Les marchandises entrant dans la
zone franche ou en sortant ne seront soumises à aucun droit
d'importation ou d'exportation, en dehors du cas prévu
à l'article 330.
Les navires et marchandises entrant
dans la zone franche pourront être soumis aux taxes établies
en vue decouvrir les dépenses d'administration, d'entretien
ou d'amélioration du port, ainsi qu'aux droits établis
pour l'usage des diverses installations, pourvu que ces taxes
et droits soient raisonnables, eu égard aux dépenses
faites et perçues dans les conditions d'égalité
prévues à l'article 327.
Les marchandises ne pourront être
soumises à aucun autre droit ou taxe, si ce n'est à
un droit de statistique, de 1 pour 1.000 ad valorem au maximum,
lequel sera exclusivement affecté à couvrir les
frais du service chargé d'établir le relevé
des mouvements du port.
ART. 329. - Les facilités
accordées pour l'établissement de magasins, ainsi
que pour l'emballage et le déballage des marchandises,
devront répondre aux nécessités commerciales
du moment. Tout produit dont la consommation aura été
autorisée dans la zone franche sera exempt de droits d'accise
ou autres, de quelque nature que ce soit, en dehors du droit de
statistique prévu à l'article 328 ci-dessus.
Aucune distinction ne sera faite,
en ce qui concerne une quelconque des prescriptions du présent
article, soit entre les personnes appartenant à des nationalités
différentes, soit entre les produits d'origine ou de destination
différentes.
ART. 330. - Des droits d'entrée
pourront être imposés aux produits sortant de la
zone franche pour être livrés à la consommation
du pays sur le territoire duquel se trouve le port. Inversement,
des droits de sortie pourront être imposés aux produits
en provenance de ce pays à destination de la zone franche.
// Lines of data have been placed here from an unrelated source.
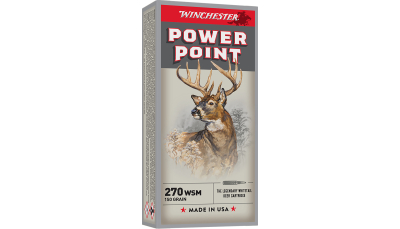 Winchester Ammo X270WSM Power-Point  270WSM 150gr 20 Per Box/10 Case
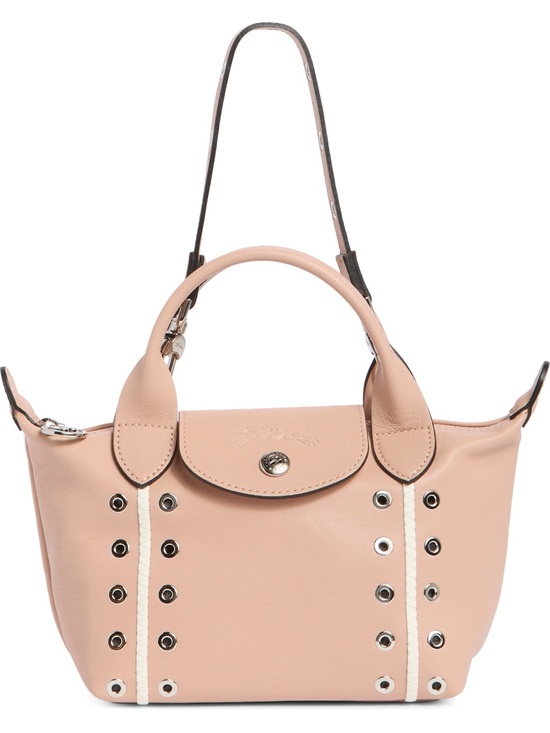 Longchamp Handbags - Longchamp Women's Pink Oeillet X-Small Shoulder Bag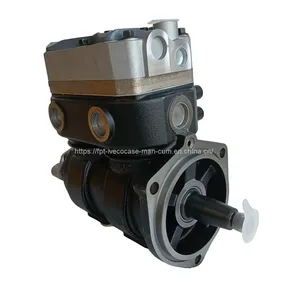 FPT IVECO CASE Cursor9 F2CFE614A*B041/F2CGE614F*V004 5802431166 Double Cylinder Air Pump 504293730/5802497411 thumbnail-5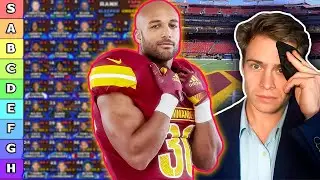 Updated Top 45 Running Back Rankings & Tiers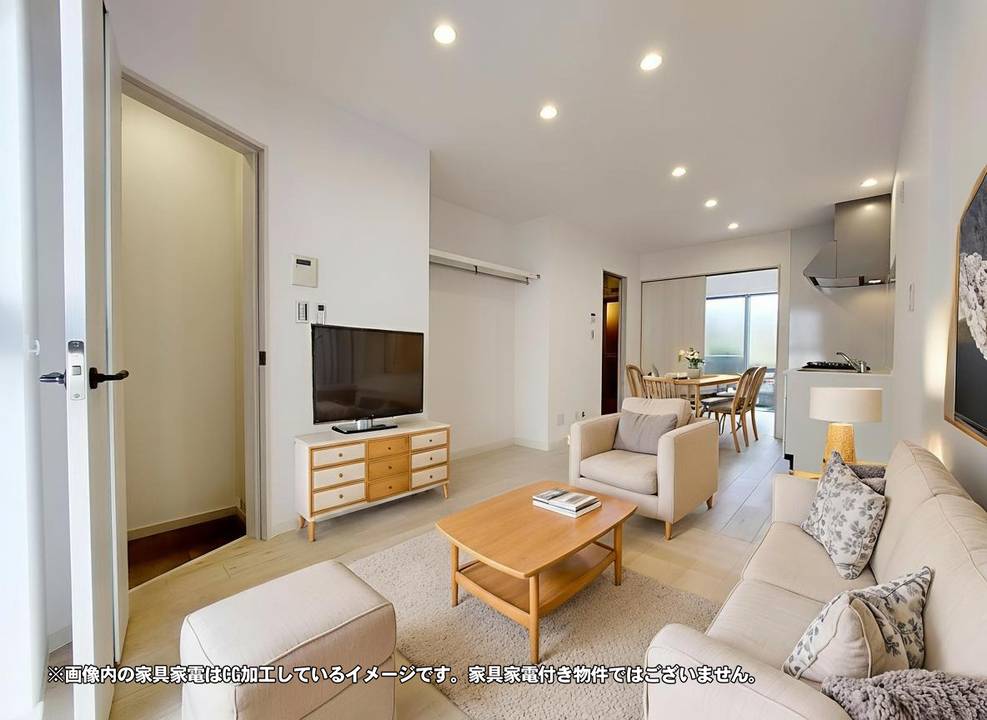 居室・リビング　リビング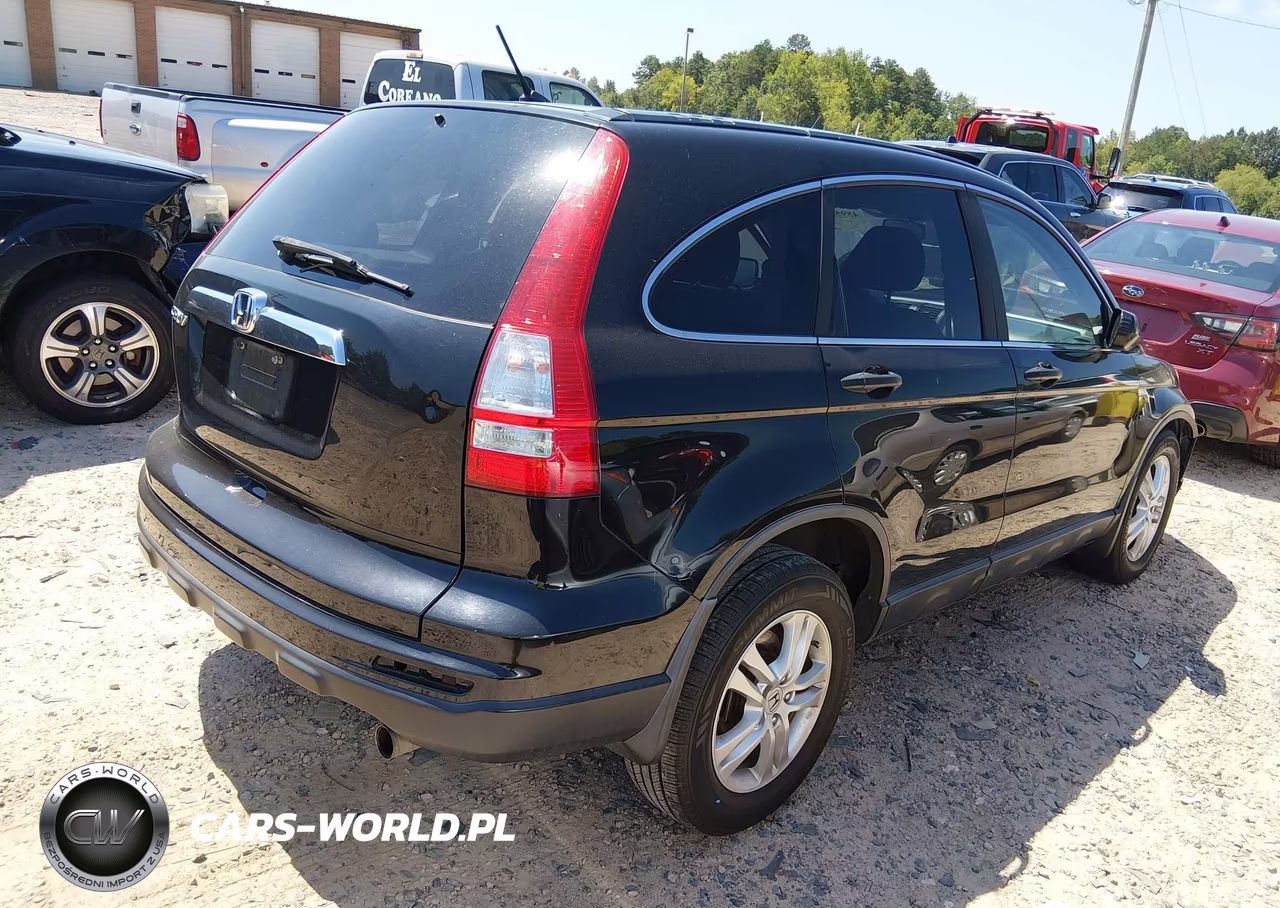 2011 Honda Cr-V Ex VIN:5J6RE3H58BL007526 - 4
Ces droits d'entrée et de sortie devront être établis
sur les mêmes bases et d'après les mêmes taux
que les droits similaires appliqués aux autres frontières
douamères du pays intéressé. D'autre part,
l'Allemagne s'interdit d'établir, sous une dénomination
quelconque, aucun droit d'importation, d'exportation ou de transit,
sur les produits transportés par voie de terre ou d'eau,
à travers le territoire allemand, à destination
d'un autre État quelconque.
L'Allemagne devra établir
la réglementation nécessaire pour assurer et garantir
ce libre passage sur celle des voies de fer et d'eau de son territoire
qui donne normalement accès à la zône franche.